The slide of democracy into permanent “majority” rule is a disaster for any society. It introduces a ruthlessness into political life. It divides and poisons the public sphere. It renders society much less capable of dealing with the big common challenges that affect both sides of the division equally, challenges such as global warming and the negative effects of globalization and automation.

And it is this identification of democracy and irreversible majority rule that has helped to kill (full) democracy off in various very fragile contexts—I am thinking of Russia, Hungary, and Turkey as examples. Their moves to the “rigged” category have been built on the idea of who the real Russians, Hungarians, and Turks are—what culture and religious orthodoxy is being defended against Western liberal values or homosexuality. In the case of Turkey, the rigged democracy has been built on “pious Islam” and rejecting any compromise with the Kurds, who are demonized as “terrorists.” This kind of move can actually destroy a functioning democracy. Even if these were not very stable democracies to begin with, you can still see where this kind of policy can lead.

And there are many democracies today that have not yet tipped over into the “rigged” category. Or where they have tipped, the result has not yet become institutionally stable. This is the case in Poland, where the struggle is still undecided. The “open” political identity, championed by Solidarnosc and John Paul II, rooted in the early modern Polish-Lithuanian Commonwealth (Rzeczpopolita), was reversed by a later, narrower, caricaturally integrist Catholicism, under the banner of the misleadingly named “Law and Justice” Party. But 2020 protests against such narrowing of political identity show the game is not over. The party packed courts, as has recently been a widespread tactic of the Right. A constitutional tribunal, composed mostly of recently appointed judges, moved to curtail abortion rights. But this provoked a massive women’s strike, which overlapped with broader antigovernment demonstrations.

Democracy is not what a majority at this moment or that happens to want. It is a project of greater empowerment and inclusion, liberty, equality, and solidarity for the future.


Our present parlous condition results from the combination of three serious paths of degeneration, which are, again, a decline of citizen efficacy, waves of exclusion, and polarization. We are unfortunate that they have occurred together. We could imagine worlds in which this destructive trio hadn’t arrived in tandem. But they are not altogether without connections. The Great Downgrade and the decline of felt citizen efficacy prepared a fertile ground for demagogic attempts to target “outsiders” and for the more and more outrageous politics of discrimination, which has polarized us to a point that our democratic regimes are in danger—and some are already over the edge.

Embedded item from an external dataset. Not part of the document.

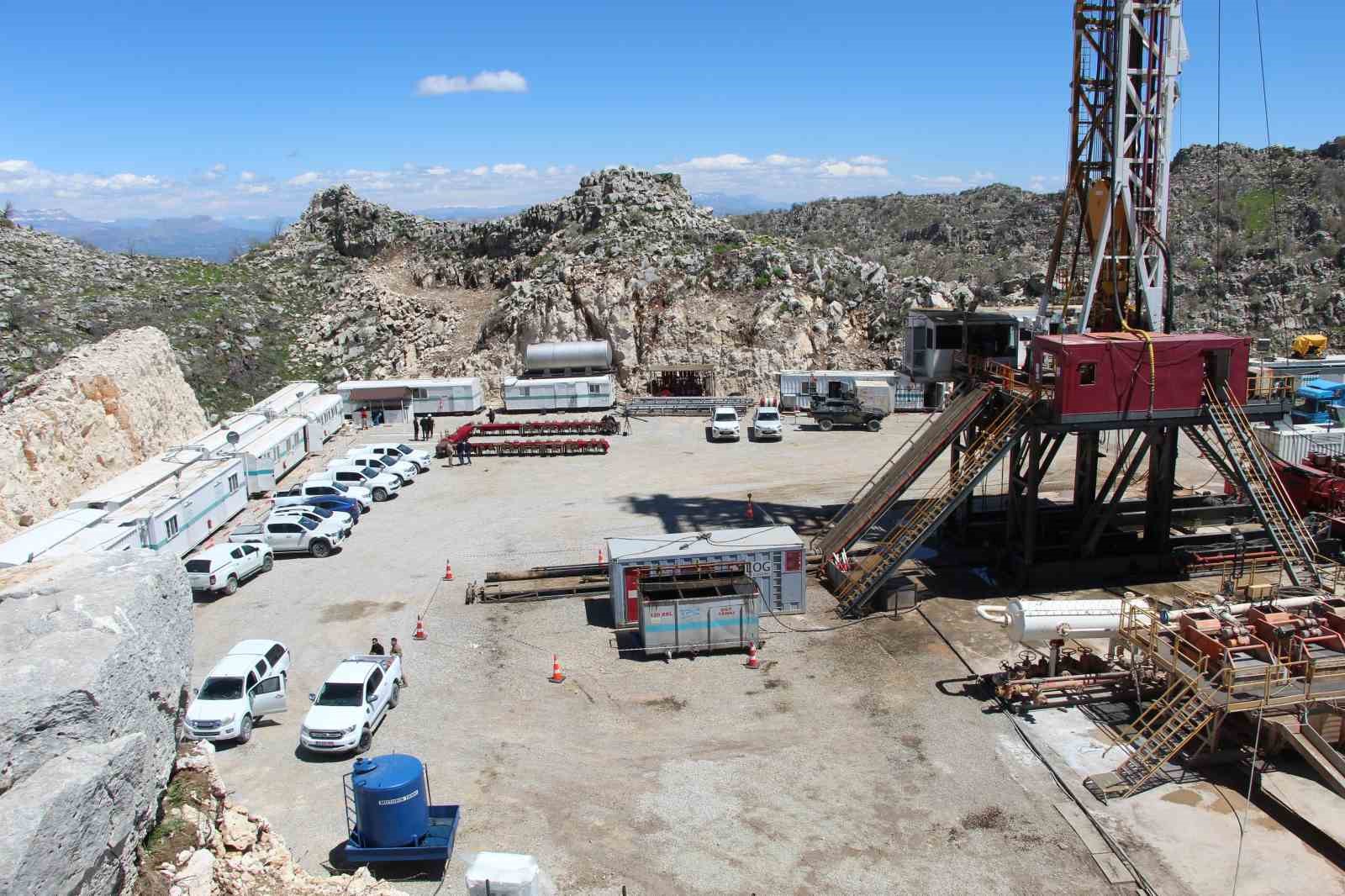 ŞIRNAK’IN GABAR VE CUDİ DAĞLARININ KESİŞTİĞİ AKÇAY KÖYÜ BÖLGESİNDE DEVAM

We have to tackle this crisis at its roots: the Great Downgrade and the galloping inequality and sense of citizen powerlessness which it engenders. And that means that we urgently need to create a new solidarity, across the divides that today paralyze us, and render us unable to address the challenges we face, and to define and carry through policies directed to the common good. We have to build the organizations and alliances that will do for us what social democracy did in the aftermath of the Second World War, laying the groundwork for the boom that is remembered today in France as les trente glorieuses. We can make comparable strides forward today.